For seasonal residents, I suggest a short review every couple of years — typically when you come back south for the winter — to confirm your named surrogate is still the right person and still reachable. A five-minute conversation now spares your family an impossible one later. If you would like help drafting or updating your Florida advance directives, reach out to our Miami office to get started.
This article is general information for Florida residents and seasonal residents and is not legal advice. Advance directive requirements and statutory citations are accurate as of publication but can change; consult a licensed Florida attorney about your specific situation.
Frequently Asked Questions
What is the difference between a health care surrogate and a living will in Florida?
A health care surrogate designation (Florida Statute §765.202) names a person to make a broad range of medical decisions for you when you cannot. A living will (§765.302) is your own written instruction about whether to provide or withhold life-prolonging treatment if you have a terminal condition, end-stage condition, or are in a persistent vegetative state. The surrogate is a decision-maker; the living will is a specific end-of-life instruction. Most strong plans include both.
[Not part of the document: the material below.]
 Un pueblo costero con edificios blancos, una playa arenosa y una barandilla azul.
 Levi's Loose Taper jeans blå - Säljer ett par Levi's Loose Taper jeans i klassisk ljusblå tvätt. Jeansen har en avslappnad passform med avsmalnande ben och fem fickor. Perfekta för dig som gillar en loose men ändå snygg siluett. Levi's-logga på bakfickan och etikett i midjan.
Does a Florida health care surrogate designation need to be notarized?
No. Florida law does not require notarization for either a surrogate designation or a living will to be valid. Each document must be signed in the presence of two adult witnesses, at least one of whom is neither your spouse nor a blood relative. Notarization is optional but often recommended, since it reduces disputes and helps out-of-state hospitals accept the document more readily — useful for snowbirds.
Can my out-of-state advance directive be used in Florida?
Generally yes. Florida recognizes advance directives validly executed under the law of the state where they were made. However, a Florida hospital still has to accept and act on the document in the moment, so a Florida-compliant directive often moves through the system with less friction. If you maintain a home in Florida, executing a directive that plainly meets Chapter 765 is the safest approach.
What happens if I become incapacitated without a health care surrogate in Florida?
Florida Statute §765.401 provides a statutory proxy list — typically a spouse first, then an adult child, then a parent, and so on — who may make medical decisions for you. The problem is that this default chooses by relationship rank, not by who knows your wishes, and disagreements among equally ranked relatives can end up in guardianship court. A signed surrogate designation avoids that entirely.
Can I change or revoke my Florida living will after I sign it?
Yes. As long as you are competent, you can amend or revoke a Florida advance directive at any time — by a signed and dated writing, by physically destroying the document, by an oral statement to your physician, or by executing a new directive. Seasonal residents should review their directives every couple of years, especially after a death, divorce, move, or major diagnosis.